A Second Look at String-Inspired Models for Proton-Proton Scattering via Pomeron Exchange

TL;DR

This paper re-examines string-inspired models for proton-proton scattering via Pomeron exchange, exploring generalized Reggeization methods and their fit to experimental data, revealing potential improvements and discrepancies in the model parameters.

Contribution

It introduces a generalized Reggeization approach with a variable mass-shell parameter and analyzes its impact on fitting scattering data, offering insights into the soft-hard Pomeron transition.

Findings

Generalized Reggeization can improve data fit with variable mass-shell.

Traditional Reggeization yields more physically consistent parameters.

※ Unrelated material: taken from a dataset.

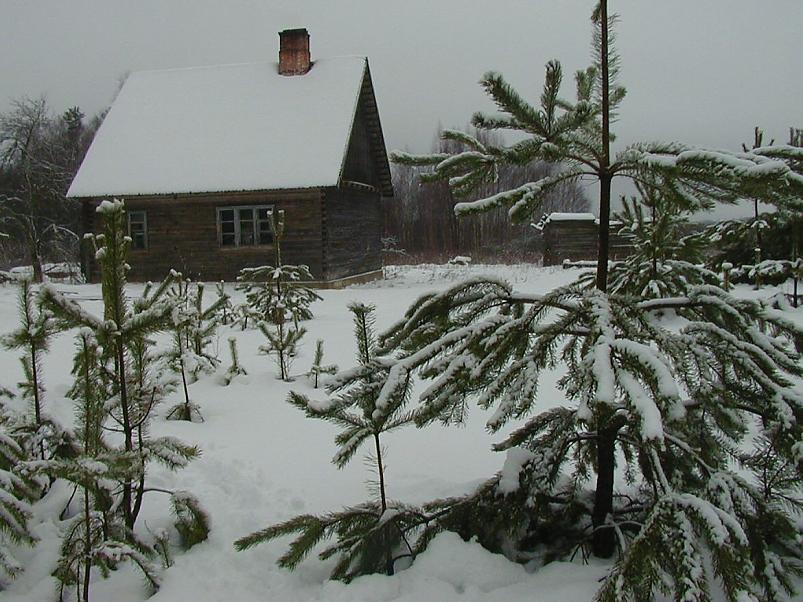 Suuskadel Ahunapalus 07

Model aligns better with E710 data than CDF, and suggests transition near t = -0.5 GeV^2.

Abstract

We re-examine a string dual model for elastic proton-proton scattering via Pomeron exchange. We argue that the method of "Reggeizing" a propagator to take into account an entire trajectory of exchanged particles can be generalized, in particular by modifying the value of the mass-shell parameter in the model. We then fit the generalized model to scattering data at large s and small t. The fitting results are inconclusive, but suggest that a better fit might be obtained by allowing the mass-shell to vary. The model fits the data equally well (roughly) for a wide range of values of the mass-shell parameter, but the other fitting parameters (the slope and intercept of the Regge trajectory, and the coupling constant and dipole mass from the proton-proton-glueball coupling) are then inconsistent with what we expect. On the other hand, using the traditional method of Reggeization generates a weaker fit, but the other parameters obtain more physically reasonable values. In analyzing the fitting results, we also found that our model is more consistent with the sqrt(s) = 1800 GeV coming from the E710 experiment than that coming from the CDF experiment, and that our model has the greatest discrepancy with the data in the range 0.5 GeV^2 < |t| < 0.6 GeV^2, suggesting that the transition from soft Pomeron to hard Pomeron may occur closer to t = -0.5 GeV^2 rather than t = -0.6 GeV^2 as previously thought.